The federal Attorney General has announced plans to review who provides legal advice to the government, at the best price, as part of a major review of legal services and the courts.
“I will look closely and critically, as other Attorneys have, to see if our own Government legal services are set up properly, and appropriately to get the best advice at the best price,” Attorney General Nicola Roxon said on Saturday.
Her comments came after the Government received the Skehill Review, which was commissioned to investigate the operations of small and medium sized agencies in the Attorney-General’s portfolio.
The Attorney said the review offers her the opportunity to see what improvements can or should be made to legal services and courts nationally.
Roxon said she intends to look at the creation of a Military Court, as well as legislation on procedural matters such as suppression orders, vexatious proceedings, and strengthening the Federal Court’s powers to deal with discovery.

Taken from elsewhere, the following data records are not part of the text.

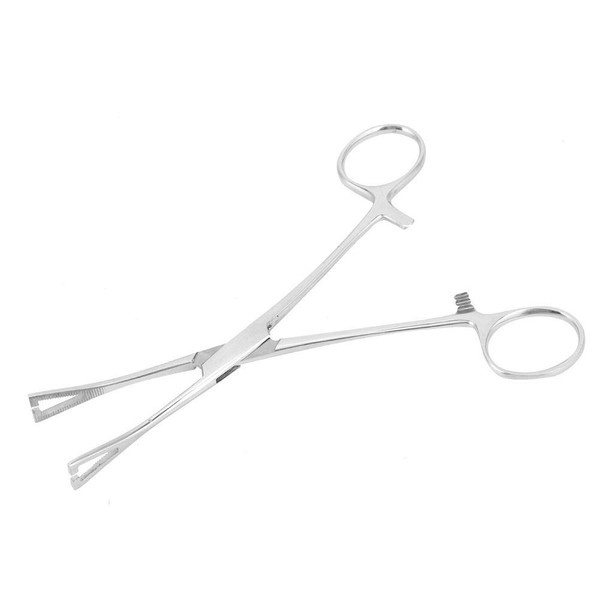 Body Piercing Tools, Delaman Body Piercing Pliers Tool, Triangle Opening Plier, Surgical Steel Sponge Forcep Clamp Pliers Tool for Ear Lip Navel Nose Tongue Septum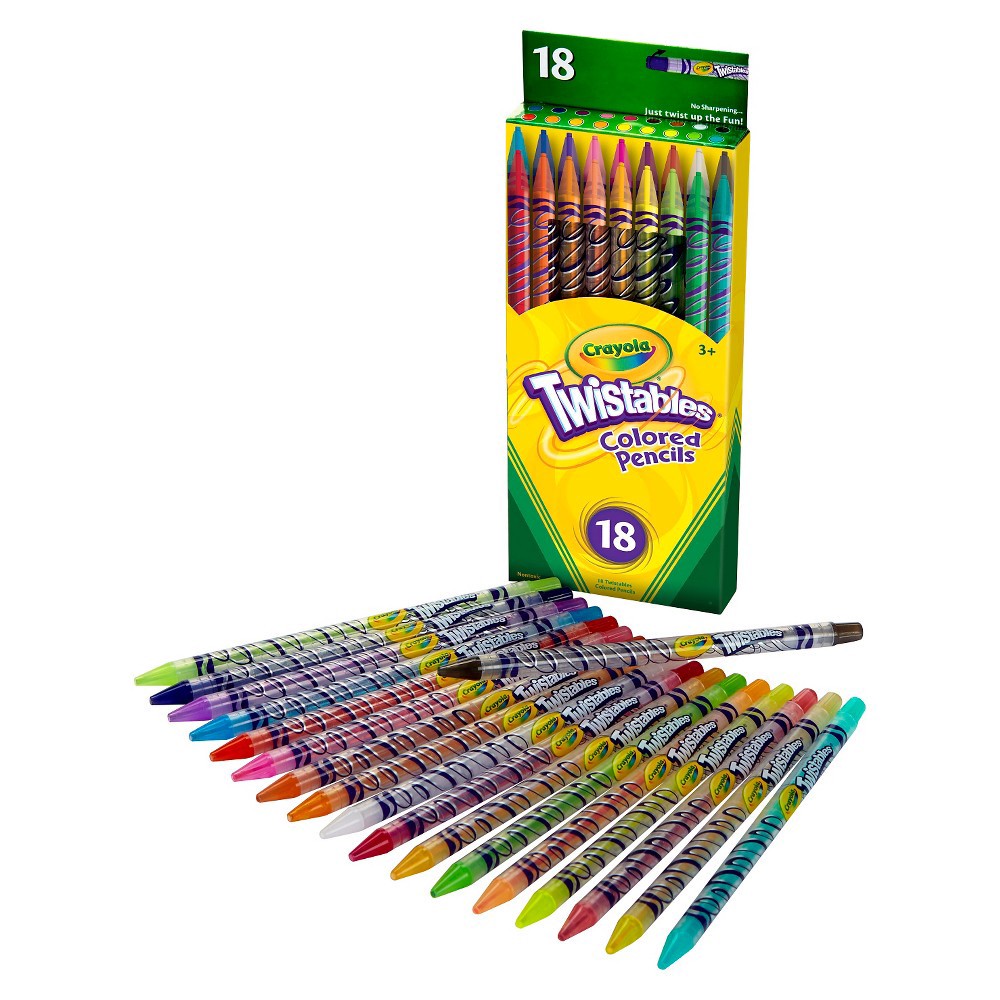 slide 2 of 4, Crayola Twistable Colored Pencils 18ct, 18 ct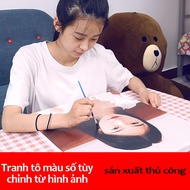 HCM-fast transfer1-3 days-Sawg-stretched frame-digital picture on request-color by number painting-d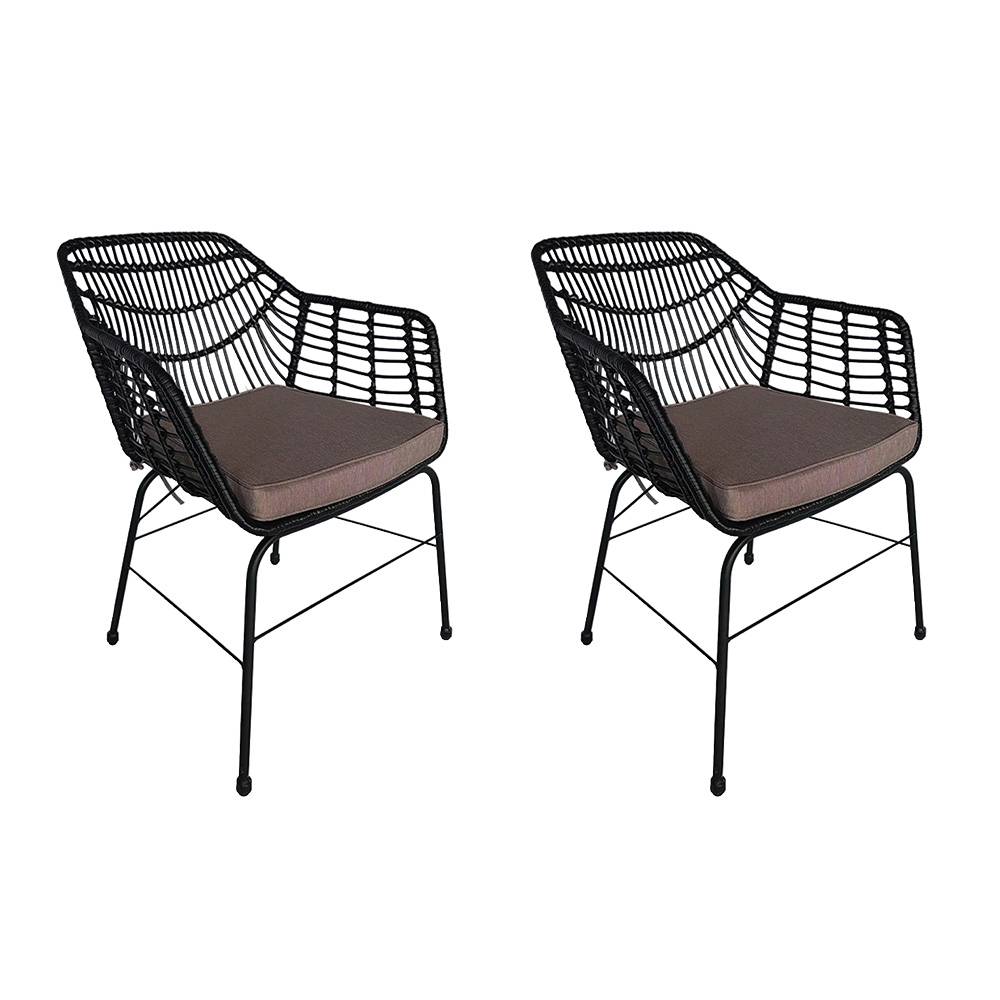 Chaise de jardin HOME DELUXE TARA - 63 x 60 x 82 cm - 2er Set - Image 1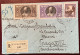 Sa.30, 28, 25 1933 1L, 2L Medaglioni Lettera 1935>Prag CZ  (Vatican Cover Vaticano Italy Italia Lettre - Covers & Documents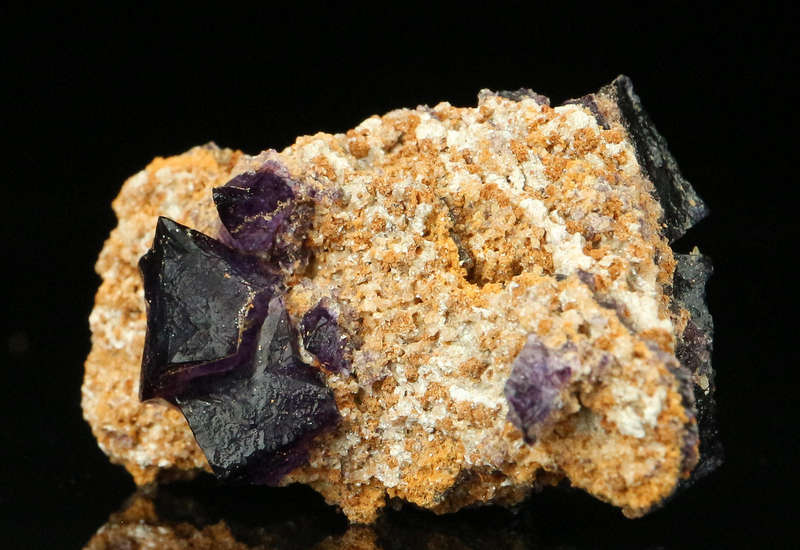 Grape Jelly Fluorite on Matrix, Damaraland, Palmwag, Erongo, Namibia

The Attorney said she will look at introducing legislation to “provide a clear, accountable and effective system for handling complaints about federal judicial officers”.
Also, 20 years on from Mabo, the Attorney General said she would look critically at what next steps need to be taken to speed up the resolution of native title matters before the courts.
She said she expects consideration of the Skehill report to resolve, “once and for all, and quickly, the clear future and remit of the Federal Court, Family Court, and Federal Magistrates Court, giving all the certainty and clarity of purpose they need”.
Roxon said Australia’s federal courts and legal services are not always satisfying consumer.
“I want a justice system in this country that is geared as much to the one-off litigant seeking redress, as it is for our largest corporate players who might see the courts just as part of doing business,” she said.
She argued that this has become increasingly difficult as lawyers become more specialised.
“How a small business finds the right lawyer in a tenancy or copyright matter, let alone the fact that legal aid is now less often a component of every lawyers’ work and more often specialised in by fewer and fewer lawyers is part of this challenge,” she said.
“Of course, this is partly why my predecessor successfully argued for a big injection of funds, with our Government now investing over $1.3 billion in legal assistance programs over a four year period until June 2014.”
The Attorney has not given any more detail on the review of who provides legal advice to the Government.